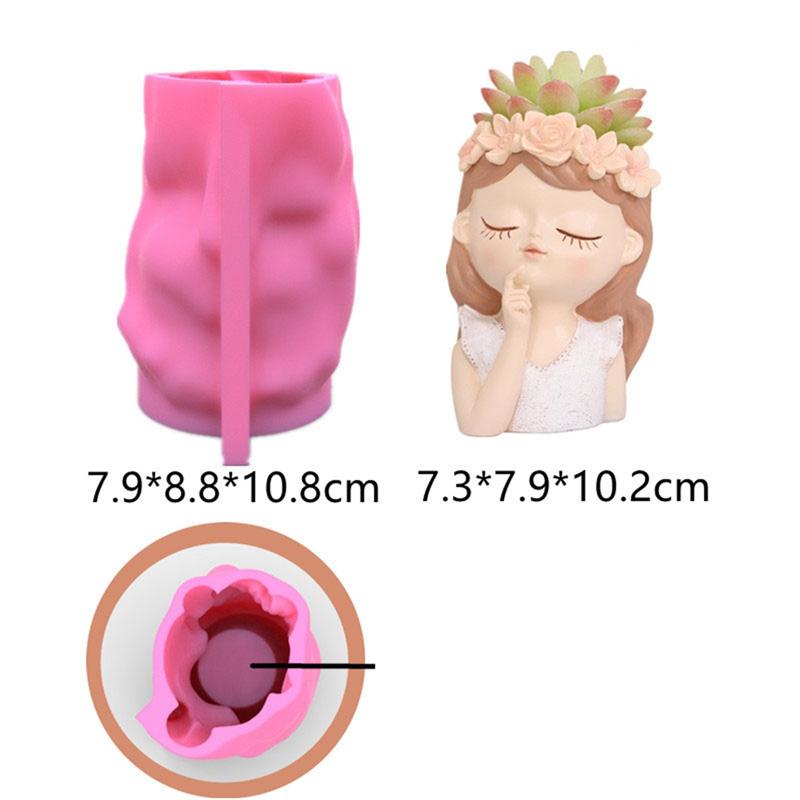 Good-Silicone Mold 3D Cute Girl Flower Pot Mould DIY Handmade Crafts Plaster Candle Crystal Epoxy Resin Mold For Decors
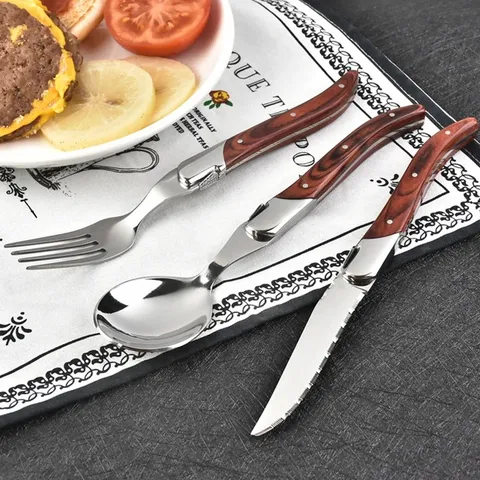 Premium Stainless Steel Western Flatware With Vintage Bee Decor Natural Pakkawood Handle Mirror Polished Dining Steak Knife Fork Spoon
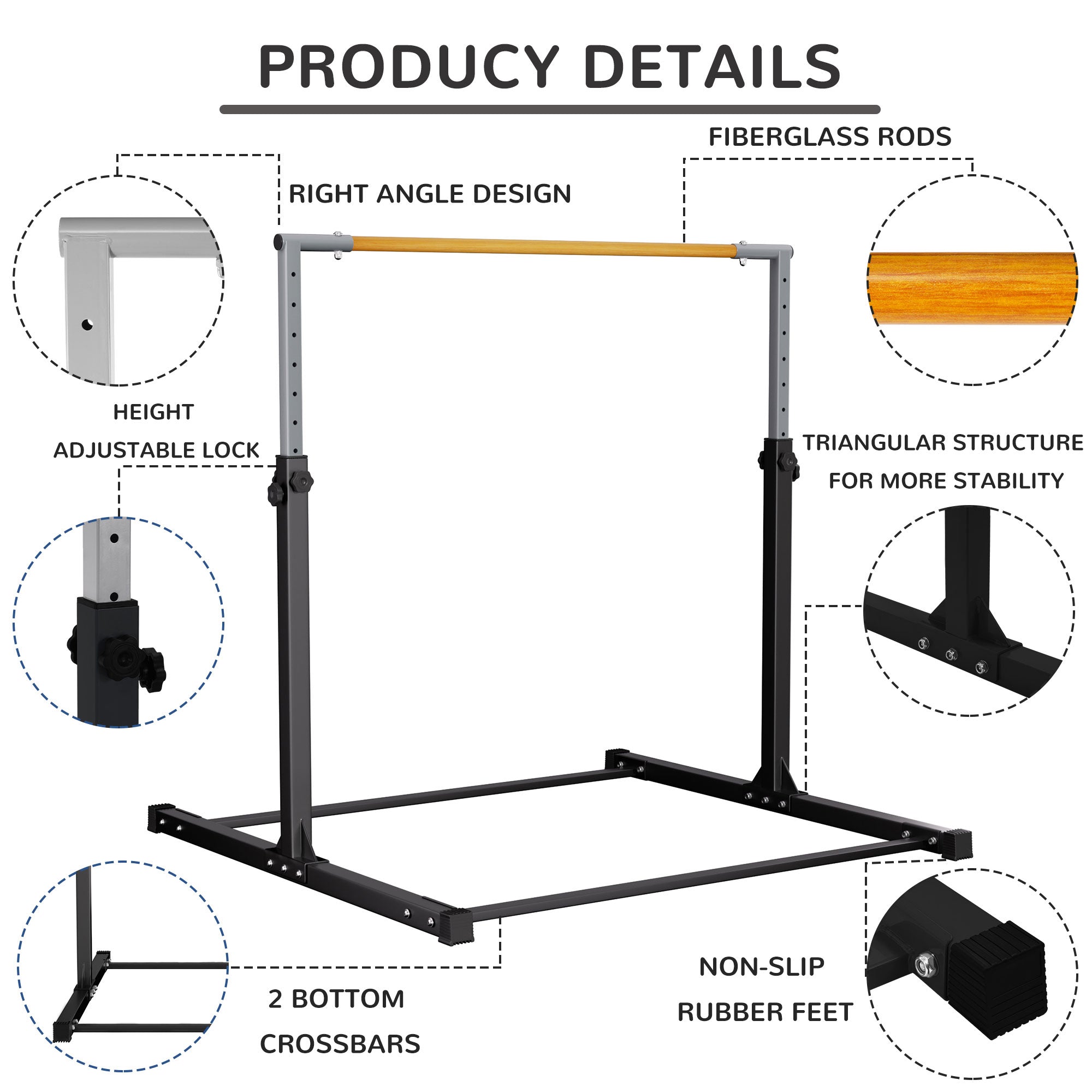 Signature Fitness Adjustable Steel Gymnastics Bar, Ages 3 & Up, Black (Open Box) - VMInnovations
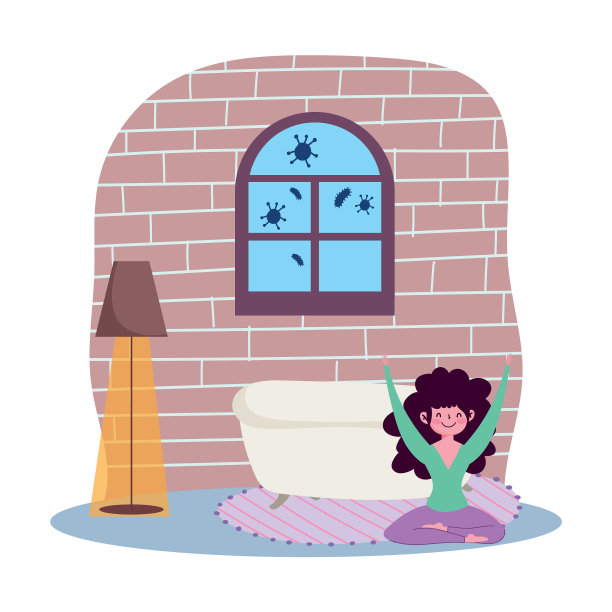 浴缸隔离的女孩待在家里图片下载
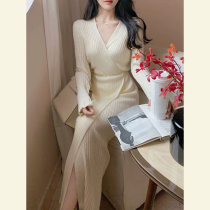 Autumn and winter new French temperament celebrity haute-class sweater long skirt chic unique underlay underwear knit dress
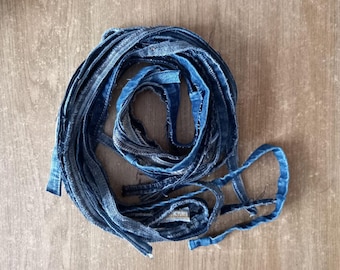 Denim Seams jean cord Upcycled quilts Recycled Jeans Ribbon coarse Cotton denim from old jeans diy Fabric scraps crafts Handmade patchwork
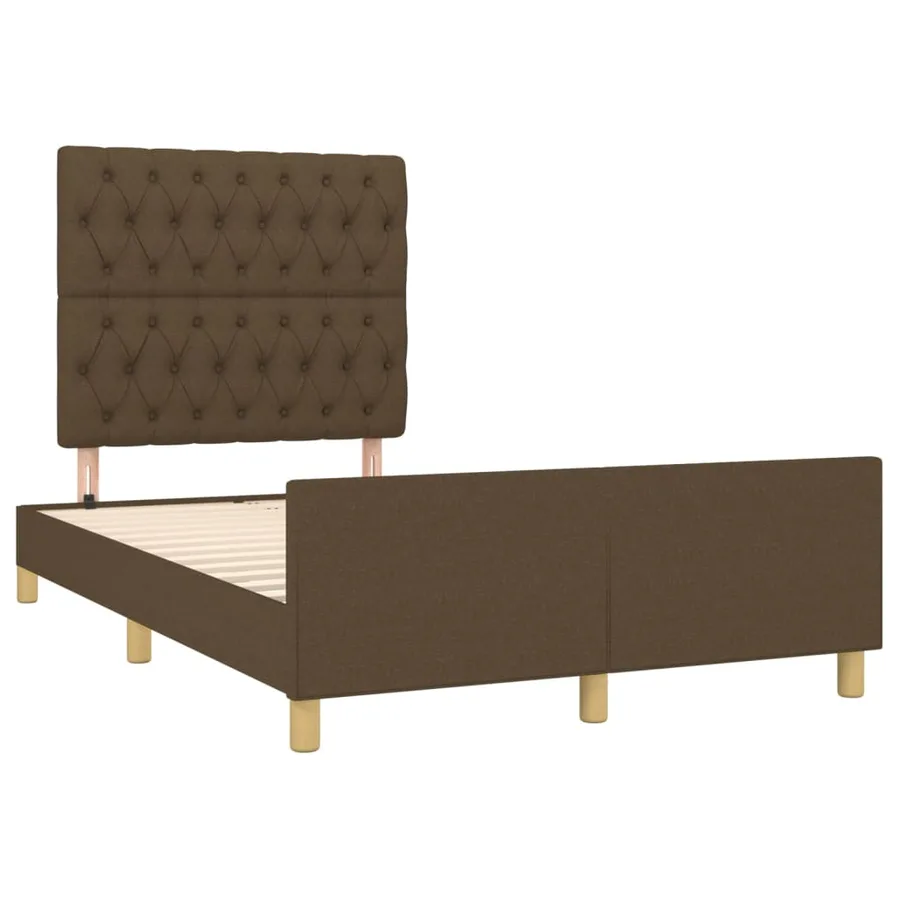 Cadre de lit sans matelas marron foncé 120x190 cm tissu - 3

**The problem**
Give back the records word for word, without their pictures.

**Answer box**
 Good-Silicone Mold 3D Cute Girl Flower Pot Mould DIY Handmade Crafts Plaster Candle Crystal Epoxy Resin Mold For Decors
 Premium Stainless Steel Western Flatware With Vintage Bee Decor Natural Pakkawood Handle Mirror Polished Dining Steak Knife Fork Spoon
 Signature Fitness Adjustable Steel Gymnastics Bar, Ages 3 & Up, Black (Open Box) - VMInnovations
 浴缸隔离的女孩待在家里图片下载
 Autumn and winter new French temperament celebrity haute-class sweater long skirt chic unique underlay underwear knit dress
 Denim Seams jean cord Upcycled quilts Recycled Jeans Ribbon coarse Cotton denim from old jeans diy Fabric scraps crafts Handmade patchwork
 Cadre de lit sans matelas marron foncé 120x190 cm tissu - 3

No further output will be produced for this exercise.